It's great to get something you need for free. And there are a plethora of tools users can deploy for intrusion detection, network mapping and vulnerability assessment available as free downloads from the Web.

Some of these tools, such as the Snort intrusion-detection system (the freeware version of Sourcefire's commercial intrusion-detection system appliance) and the Nessus vulnerability scanner, are used by thousands of organizations. Other tools, such as Coloured Petri Nets, which is used for charting a network into security zones, are less well known. IT managers say they're impressed with what's offered for free via the Web, and they make use of the best they can find.

Coloured Petri Nets lets network managers draw a picture of a network and model it to discover its security strengths and weaknesses, said Peter Stephenson, director of information assurance at Eastern Michigan University's Center for Regional and National Security in Ypsilanti, at the recent NetSec conference in San Francisco. "We can rate servers for criticality and sensitivity" he said, adding that IT staff also strive to understand the nature of content on the computers through user interviews.

Developed by the University of Aarhus in Denmark, Coloured Petri Nets has a link-analysis component to show how it might be possible for an attacker to compromise a desktop or server and reach more critical systems.

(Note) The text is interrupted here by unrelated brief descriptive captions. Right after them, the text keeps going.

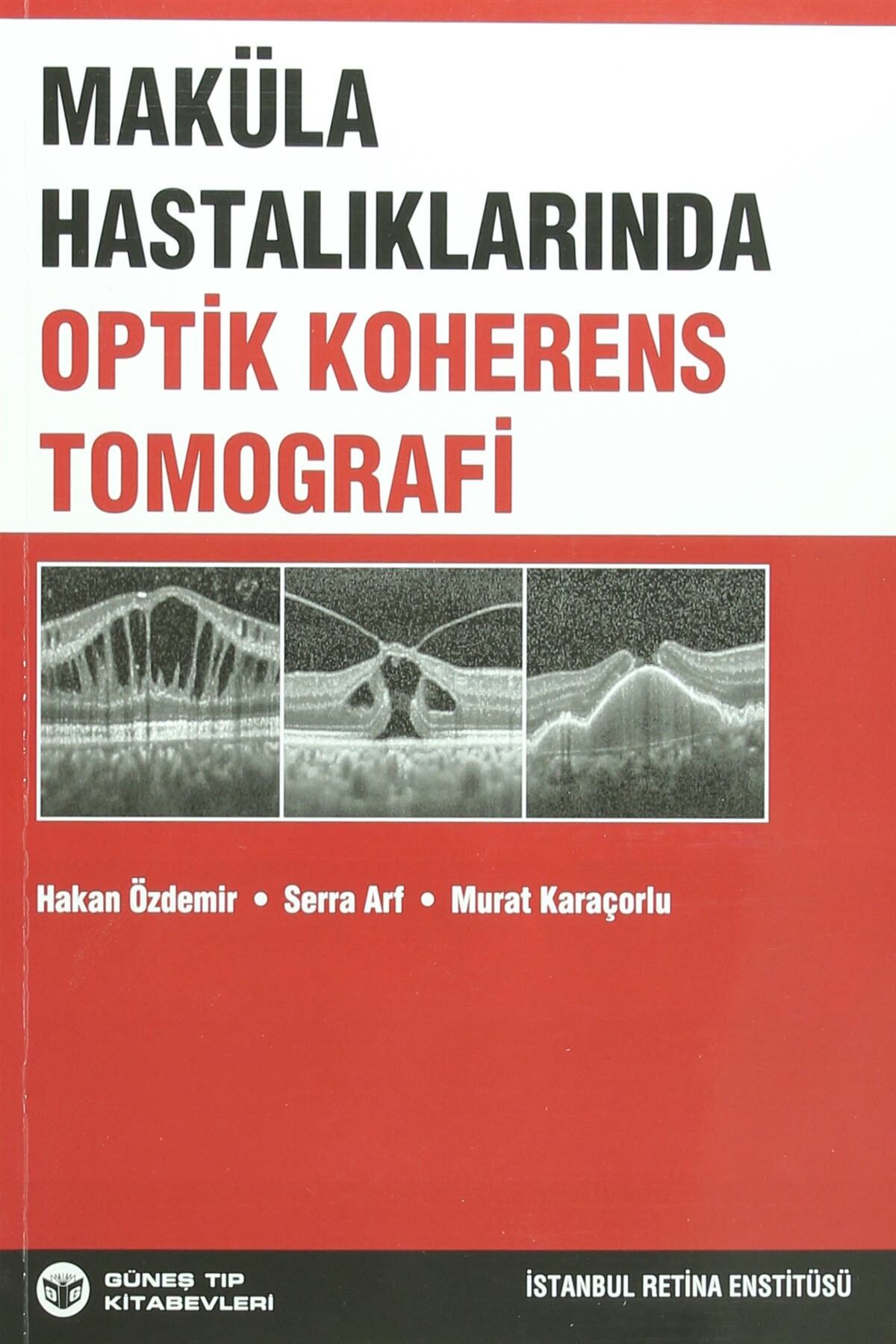 Güneş Tıp Kitabevi Maküla Hastalıklarında Optik Koherens Tomografi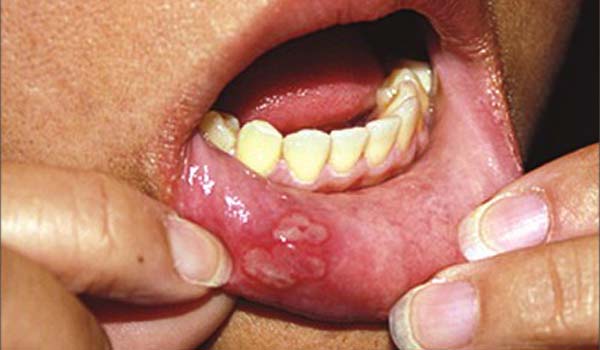 Mouth sores – Various types of sores can appear anywhere within the mouth, including the inner cheeks, gums, tongue, lips, or palate. Mouth sores generally last for 10 to 14 days and even last up to 6 weeks. The following tips may make you feel better:<br>
-Gargle with cool water. This is particularly helpful if you have a mouth burn.<br>
-Avoid hot beverages and foods, spicy and salty foods and citrus.<br>
-Take pain relievers like acetaminophen.
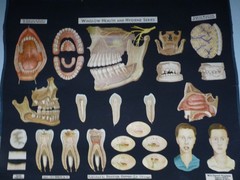 „DENTAL HYGIENE“ 1930S PULL DOWN MEDICAL CHART , DENOYER GEPPERT 44X36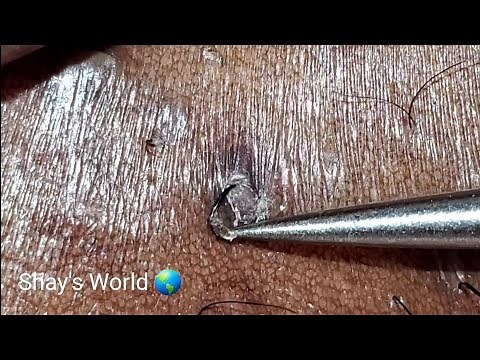 INGROWN HAIR REMOVAL #27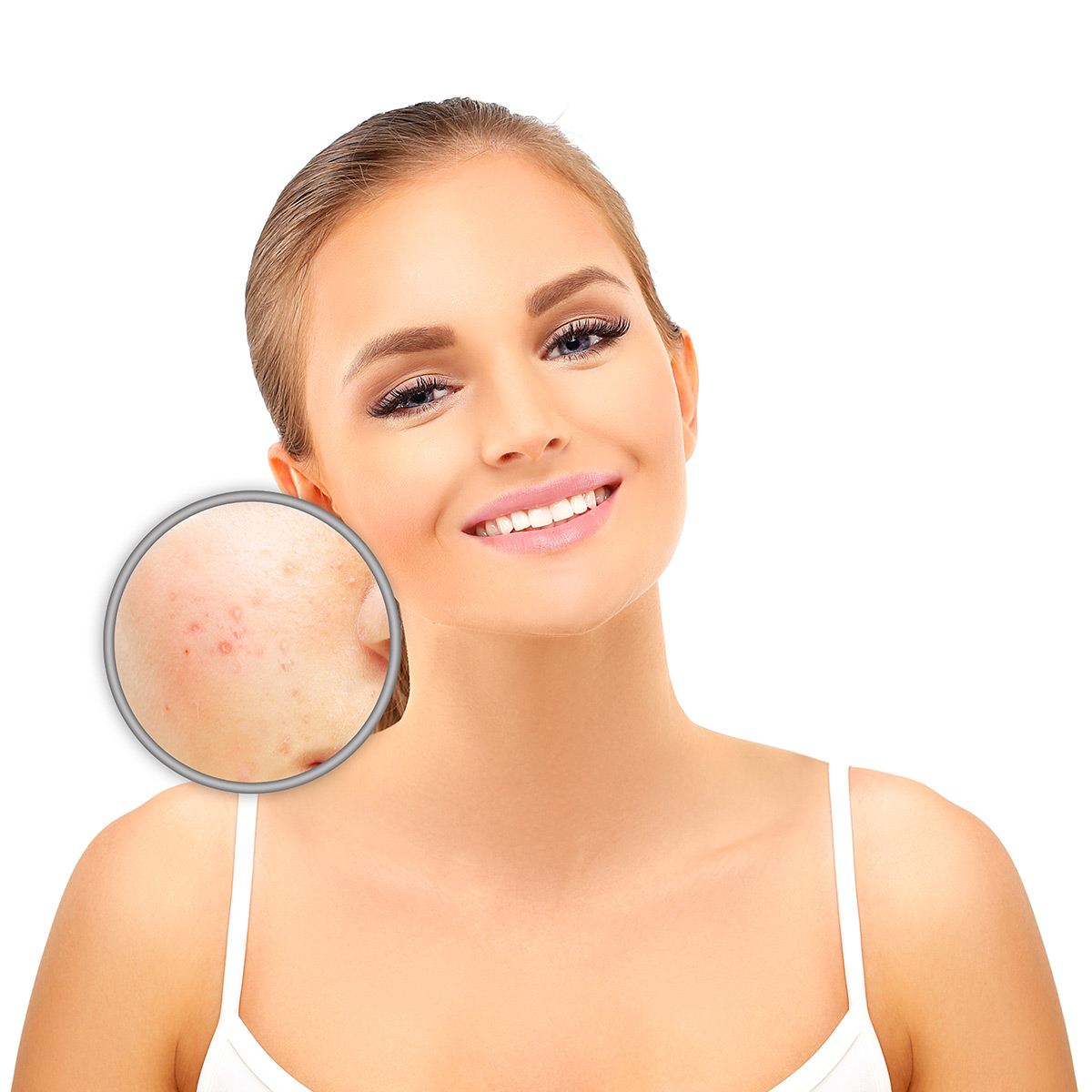 Chirurgie Cutanée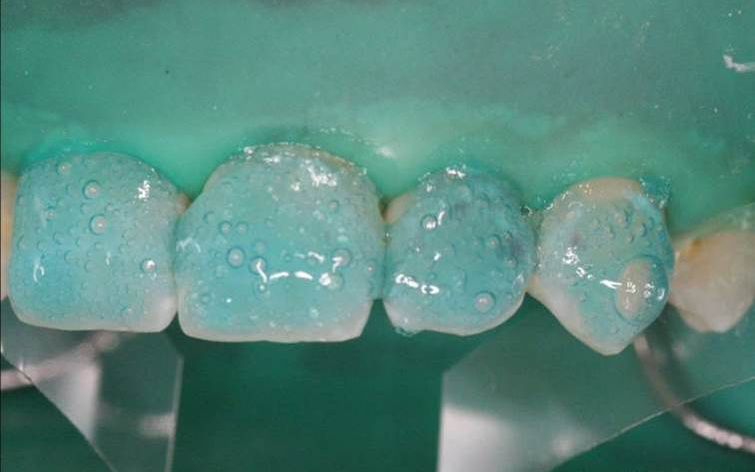 dmg口腔材料怎么使用DMG-Icon专利之渗透树脂（内含操作视频）_https://www.jmylbn.com_新闻资讯_第8张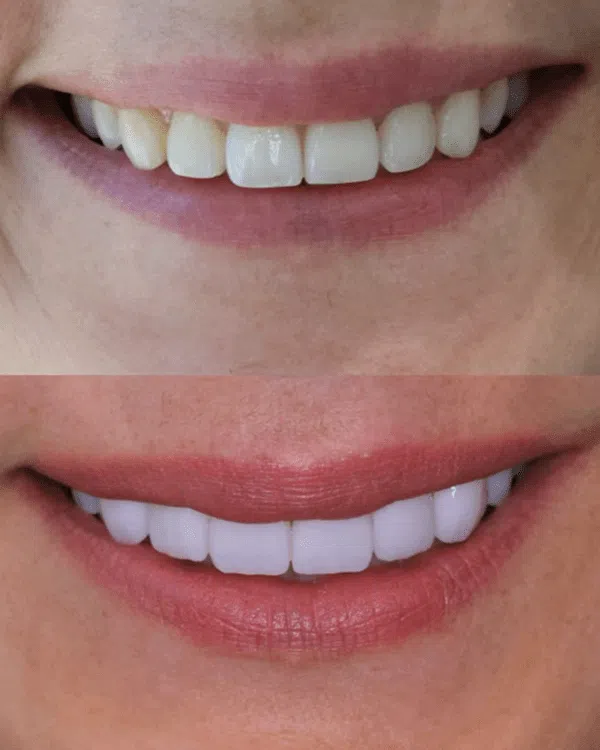 Newport Beach patient smile enhancement with veneers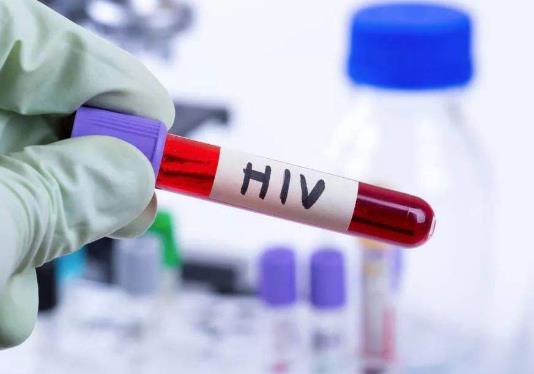 故意传播艾滋病需要负刑事责任吗?和hpv人接触会传染吗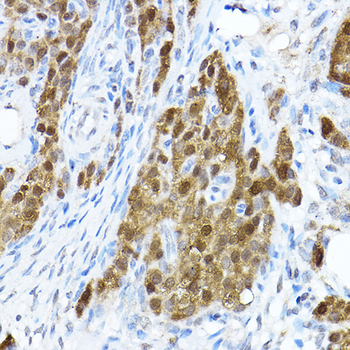 STAT1 antibody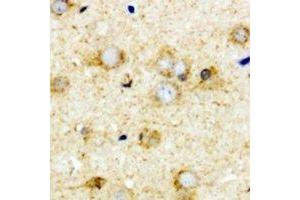 Immunohistochemical analysis of Transcobalamin-2 staining in mouse brain formalin fixed paraffin embedded tissue section. (TCN2 anticorps)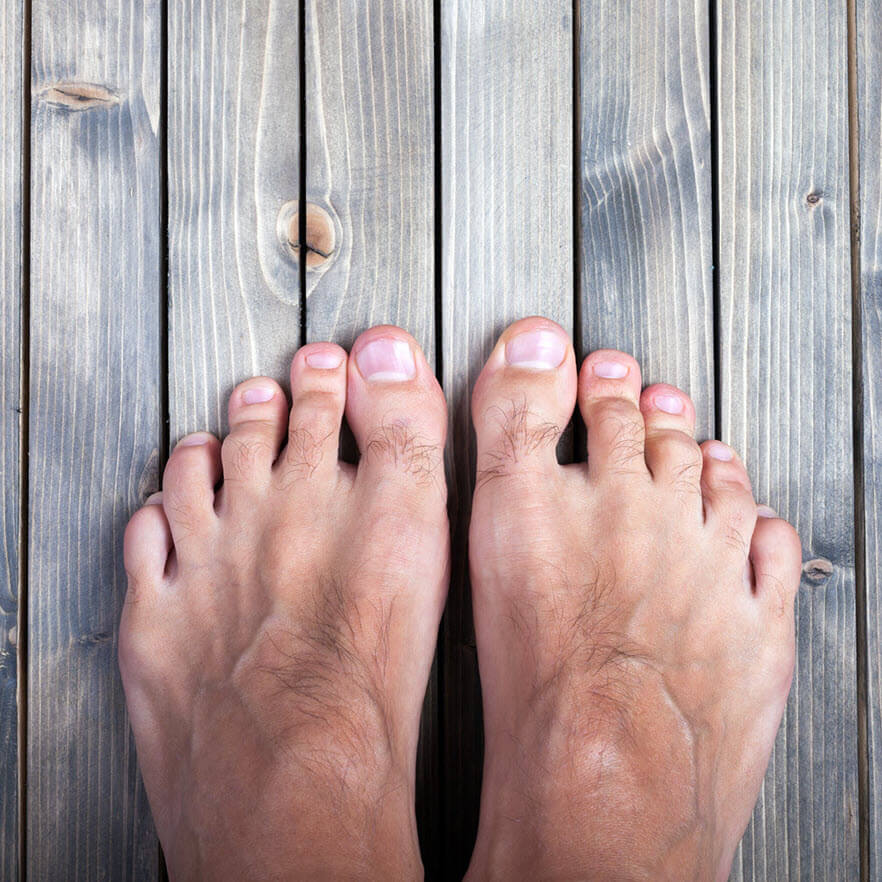 toe blister treatment for pinch toe blister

The tool helps managers define the sensitivity of computers on their networks, making it clear which ones probably should be cordoned off from general access. "It lets you look at all the domain combinations allowed," Stephenson said.

Stephenson said the university also makes use of the Nessus freeware vulnerability scanner to locate network holes. However, the university doesn't rely on freeware alone to handle security tasks on its 27,000-user network. For example, Guidance Software EnCase Enterprise Edition remotely collects data about servers and desktops, such as what ports might be open and analyzes the registries.

"I can snapshot multiple devices very rapidly and find evidence [that] a device has been penetrated," he said.

The information collected by Nessus, Encase and other tools, such as the SolarWinds SNMP-based mapping tool, contribute to helping build a graphic view of the university's network using Coloured Petri Nets.